This is a puzzling attitude to me. Every time we technologists see a crappy proprietary solution being used for a problem, the first exclamation is, "why not use <commodity solution X>? That's so dumb, they spent $10k on that tool when they could have spent $100 on X!"

There must be a middle ground here- the paradox is that Google, Apple, etc have this ability to generate user friendly software and hardware at scale. But they aren't considered "battle proven". The expensive proprietary systems that are used instead tend to be hard to use and brittle, so what's the middle ground?

gowings97|2 years ago

The data/photos should be in the ERP/MES.

imoverclocked|2 years ago

> The investigation continues to determine what manufacturing documents were used to authorize the opening and closing of the left MED plug during the rivet rework.

I mean, there is already a ton of documentation and process surrounding the construction of an airplane. Adding more process doesn't safety make. Having a safety culture without the fear of retaliation, on the other hand, makes a world of difference.

nostromo|2 years ago

> Overall, the observed damage patterns and absence of contact damage or deformation around holes associated with the vertical movement arrestor bolts and upper guide track bolts in the upper guide fittings, hinge fittings, and recovered aft lower hinge guide fitting indicate that the four bolts that prevent upward movement of the MED plug were missing before the MED plug moved upward off the stop pads.

Ooofff. No bolts at all!
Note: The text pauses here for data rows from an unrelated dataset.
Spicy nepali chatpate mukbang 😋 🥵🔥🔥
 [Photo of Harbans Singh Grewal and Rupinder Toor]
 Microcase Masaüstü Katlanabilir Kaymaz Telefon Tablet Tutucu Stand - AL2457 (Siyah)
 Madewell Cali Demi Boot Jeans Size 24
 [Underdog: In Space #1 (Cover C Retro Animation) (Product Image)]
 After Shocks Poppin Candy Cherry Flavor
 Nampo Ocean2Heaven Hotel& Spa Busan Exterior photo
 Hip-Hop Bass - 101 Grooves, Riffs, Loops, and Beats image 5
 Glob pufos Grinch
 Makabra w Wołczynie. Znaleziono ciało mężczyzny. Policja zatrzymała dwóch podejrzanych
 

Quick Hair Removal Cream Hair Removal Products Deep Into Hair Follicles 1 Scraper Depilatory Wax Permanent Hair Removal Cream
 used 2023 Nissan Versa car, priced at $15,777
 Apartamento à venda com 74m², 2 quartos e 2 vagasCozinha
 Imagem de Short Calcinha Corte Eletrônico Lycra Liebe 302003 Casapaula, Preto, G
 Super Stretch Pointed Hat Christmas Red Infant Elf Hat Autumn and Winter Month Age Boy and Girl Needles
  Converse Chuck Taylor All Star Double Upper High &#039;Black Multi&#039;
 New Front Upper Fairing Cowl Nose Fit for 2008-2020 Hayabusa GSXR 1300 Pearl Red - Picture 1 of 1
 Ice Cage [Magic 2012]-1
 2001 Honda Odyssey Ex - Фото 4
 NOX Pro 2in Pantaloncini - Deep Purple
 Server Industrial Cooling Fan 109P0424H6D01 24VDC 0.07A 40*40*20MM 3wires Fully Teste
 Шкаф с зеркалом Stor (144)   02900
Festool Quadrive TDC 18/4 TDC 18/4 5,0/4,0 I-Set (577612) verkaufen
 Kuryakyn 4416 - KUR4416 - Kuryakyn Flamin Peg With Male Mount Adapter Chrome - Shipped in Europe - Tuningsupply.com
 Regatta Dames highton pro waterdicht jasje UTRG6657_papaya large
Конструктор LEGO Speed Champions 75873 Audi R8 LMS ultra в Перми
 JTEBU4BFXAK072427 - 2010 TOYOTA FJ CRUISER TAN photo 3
How did this pass Boeing QA?

__loam|2 years ago

MBAs prioritizing the bottom line over engineering culture.

luxuryballs|2 years ago

Also I’m kinda surprised an airline wouldn’t inspect a newly acquired plane before putting customers in it.

userbinator|2 years ago

A lot of comments here are going on about process, as if humans are mindless and otherwise perfectly controllable robots...

I'm going to be contrarian and say that this is exactly the sort of thing that happens when you train humans to be robots: They lose all signs of common sense and critical thinking, and what's worse is that on top of that, they'll still have their inherent imperfection. Normally the former would counteract the latter, but not if you only make them rigidly follow some process all the time. They stop thinking about what they're doing. They stop paying attention to all the other things in their environment they would've noticed, and even if they do, they won't question it because they'll just assume someone else also following a rigid process will take care of it. They won't think "this door plug should've been bolted in place now that the work that needed it opened is done, but where are the bolts?"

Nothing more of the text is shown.